April 8, 2010
Still gripped by the lore of the Colorado steamboats. This is one of the blessings of Attention Deficit Disorder. I wake up excited to learn more. Unlike George Eastman, the unmoved mover of Kodak, I have never awakened in the morning and said, "I have nothing to live for."
I never realized how much of the world I grew up in (Mohave County, Arizona) was developed from the opening of the river to steamboat access in the 1860s. Fort Mojave (today spelled Mohave, but I much prefer the Spanish spelling), Beale's Crossing and Beale's Springs, Hardyville, Wauba Yuma Mining District, the McCrackin Mine, Signal, Cerbat, Mineral Park and Chloride were all developed because of steamboat shipping, both in and out of the district.
One district I was not aware of was the Eldorado Canyon Mining Co. which was on the Nevada side and north of Searchlight, but evidently it was a huge deal. And, by the way, Searchlight got its name from the last steamboat on the lower Colorado River.

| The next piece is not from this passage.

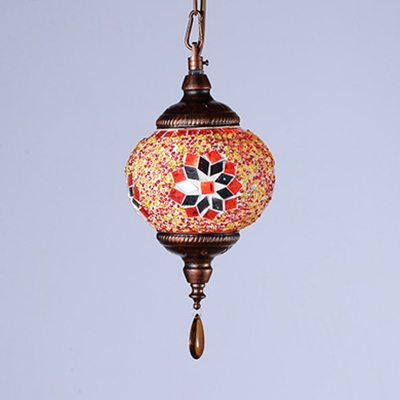 Traditional Globe Hanging Lamp Mosaic Single Light Pendant Lighting for Living Room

Here's is another view of the Gila chugging up the muddy Colorado near Liverpool Landing:
The Gila was launched in January of 1873 (so she was only a year old when Martha Summeryhayes rode the Big Red River), and was 149 feet long, with a 31-foot beam, a depth of 3.5 feet, and drew only 16.5 inches of water. The book I'm culling this from, "Steamboats On The Colorado River: 1852—1916" by Richard E. Lingenfelter, doesn't have the horsepower of the Gila, but it's interesting that two other steamboats that preceded her had steam engines that produced 50-75 horsepower, which seems awful weak to carry 50 tons of freight, but they did.
The shipping rate was about $50 per ton, which also seems low, but the locals in the 1860s considered this extremely high, and the owners of the steamboat company were raking in about $250,000 a year.
As soon as the railroads arrived and crossed the river, in Yuma in 1879 and in Needles in 1889, the steamboats were doomed and the owners sold out to the railroads, who immediately cut the pay of deckhands and started charging $5 for dog passage (before they had been free). Sound familiar?
Meanwhile, here's a scratchboard of a bandido I whipped out this morning:
It's from a movie still of Robert Mitchum in The Wonderful Country, but for our purposes we'll call him "Billy Bandido."
"Colorado River have big problem: too thick to drink, too thin to plow."